Sontekan yang sering bermasalah itu kalau hanya modal salin-tempel secara lugu. Salah satu teknik nyontek adalah dengan membuat parafrasa baru. Caranya, teks dipahami dulu, diolah lagi, kasih bumbu-bumbu sedikit, lalu tuang ke dalam loyang ketikan, jadilah. Cara lainnya adalah dengan; ambil semua tulisan secara utuh lalu ubah kata per kata, frasa per frasa. Setelah itu, gantilah dengan yang lain, yang mirip atau sepadan sesuai dengan tema dan gagasan.

Berikut ini ada tiga paragraf yang saya lampirkan. Secara susunan, satu sama lainnya sama, hanya ada perubahan pada kata per kata, frasa per frasa. Selamat mencoba, tapi jangan coba-coba!


USTAD SUHO

Setelah selama setahun lebih sebulan belajar secara otodidak lewat medsos dan kitab-kitab terjemahan, sekarang Suho sudah mulai tampil di balik mimbar, menyampaikan fatwa ini dan itu. Karena beruntung bisa masuk televisi, dakwahnya semakin hari semakin tersebar luas. Atas prestasinya ini, Suho mendapatkan gelar baru: Ustad Suho.

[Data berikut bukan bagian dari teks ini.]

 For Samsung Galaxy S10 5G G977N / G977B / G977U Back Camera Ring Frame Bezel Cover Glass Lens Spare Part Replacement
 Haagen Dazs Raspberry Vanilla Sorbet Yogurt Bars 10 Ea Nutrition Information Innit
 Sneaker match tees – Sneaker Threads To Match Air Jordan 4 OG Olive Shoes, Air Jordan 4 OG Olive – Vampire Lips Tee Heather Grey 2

Muis, begitu juga banyak orang lainnya, mengagumi keberhasilan Suho hanya dengan satu kriteria: Suho punya banyak pengikut di media sosial meskipun itu bukan orang sungguhan alias akun-akunan. Kata Muis, ini adalah satu pertanda bahwa Suho memang pintar. Buktinya, ia mampu belajar agama dengan cepat dan kini sudah punya banyak penggemar/langganan. Bukankah kenyataan ini sudah cukup menjadi bukti bahwa semua yang disampaikan Suho itu benar adanya?

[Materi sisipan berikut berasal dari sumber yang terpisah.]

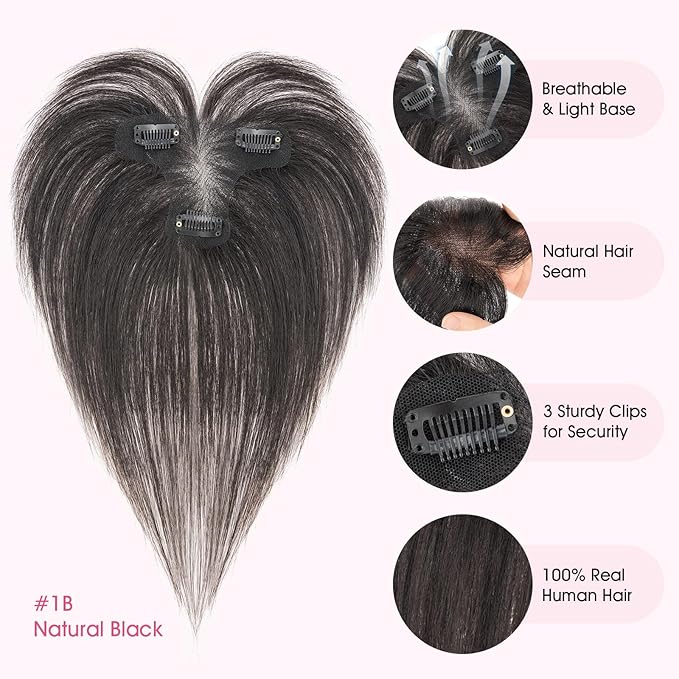 Hairro Human Hair Toppers with Wispy Bangs, 3D 360° Seamless Real Hair Toppers, Hand-Tied with 3.5"x4.7" T-shaped Base, Clip-In Hairpieces to Add Volume on Top, 11 Inch Natural Black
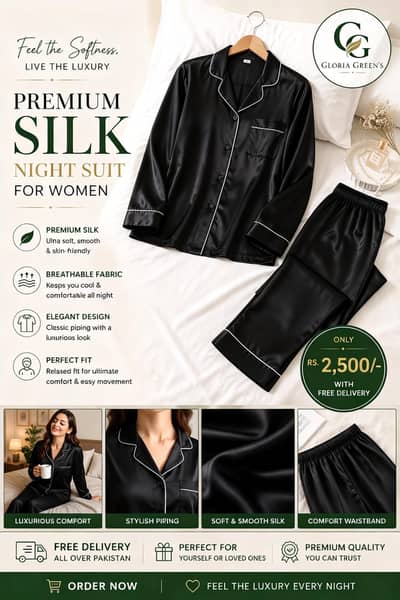 Elegant Silk Nova Black Noght Ware Comfortable Free delivery Suit.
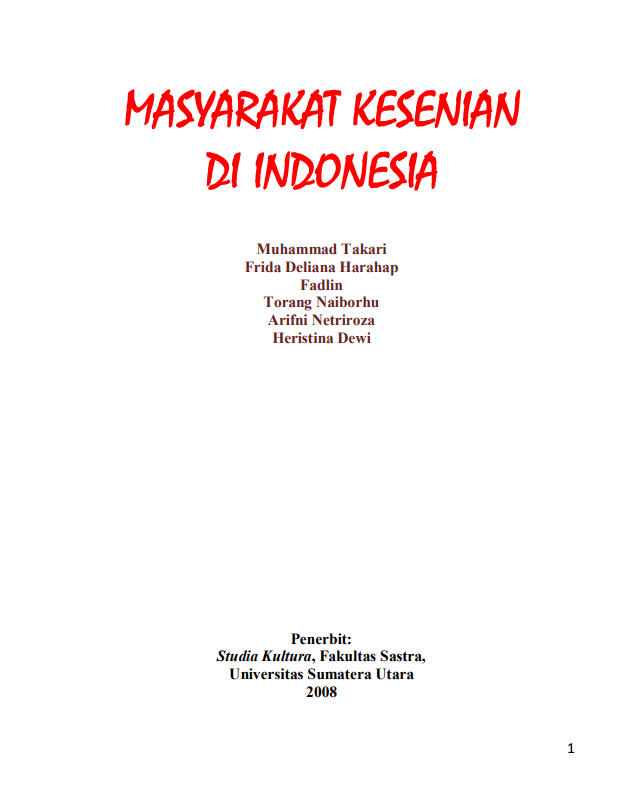 Masyarakat Kesenian di Indonesia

Di tempat lain, keberadaan Suho telah membuat galau Hamdi yang selama 10 tahun mengaji tafsir dan balaghah Alquran saja masih belum mampu menyesat-nyesatkan temannya yang tidak sepaham dengannya. Hamdi juga sudah belajar ushul, qiyas/analogi, balaghah, tafsir, dll, tapi tidak terkenal juga, tidak punya jamaah, sedangkan yang baru 1-2 tahun sudah ngetop minta ampun. Apa nggak bikin baper yang begituan itu?

DRIVER SUHO

Setelah selama setahun lebih sebulan belajar secara otodidak di lapangan dan video tutorial, sekarang Suho sudah berani duduk di belakang kemudi, menjalankan mobil ke sana ke mari. Karena beruntung bisa beli mobil sekaligus ‘beli’ SIM, daya jelajahnya semakin hari semakin jauh saja. Atas kemampuannya ini, Suho mendapatkan gelar baru: Driver Suho.

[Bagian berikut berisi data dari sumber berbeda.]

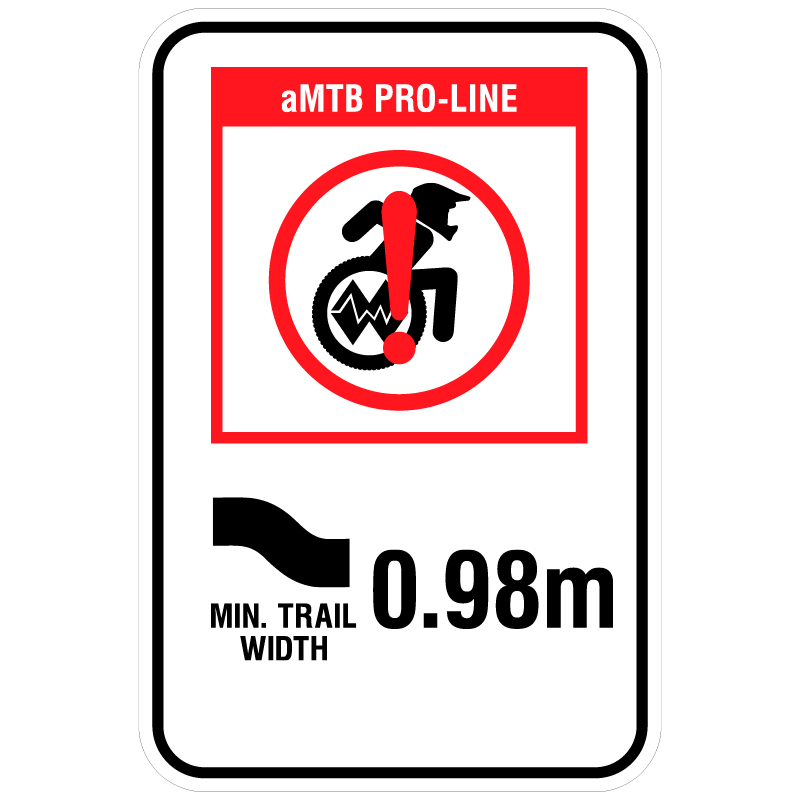 aMTB Pro-Line - Extreme trail features not suitable for most adaptive equipment. Signage for adaptive mountain biking technical trails shows trail designation. The aMTB symbol indicates accessibility for adaptive bikes/riders on adaptive bike-friendly aMTB trails on trail networks.. Click to expand image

Muis, begitu juga banyak orang lainnya, mengagumi keberhasilan Suho hanya dengan satu kriteria: Suho punya banyak pengikut di media sosial meskipun itu bukan orang sungguhan alias akun-akunan. Kata Muis, ini adalah satu pertanda bahwa Suho memang cekatan. Buktinya, ia mampu belajar mengemudi dengan cepat dan kini sudah punya banyak penggemar/penyewa. Bukankah kenyataan ini sudah cukup menjadi bukti bahwa semua yang dimiliki Suho itu ngetop adanya?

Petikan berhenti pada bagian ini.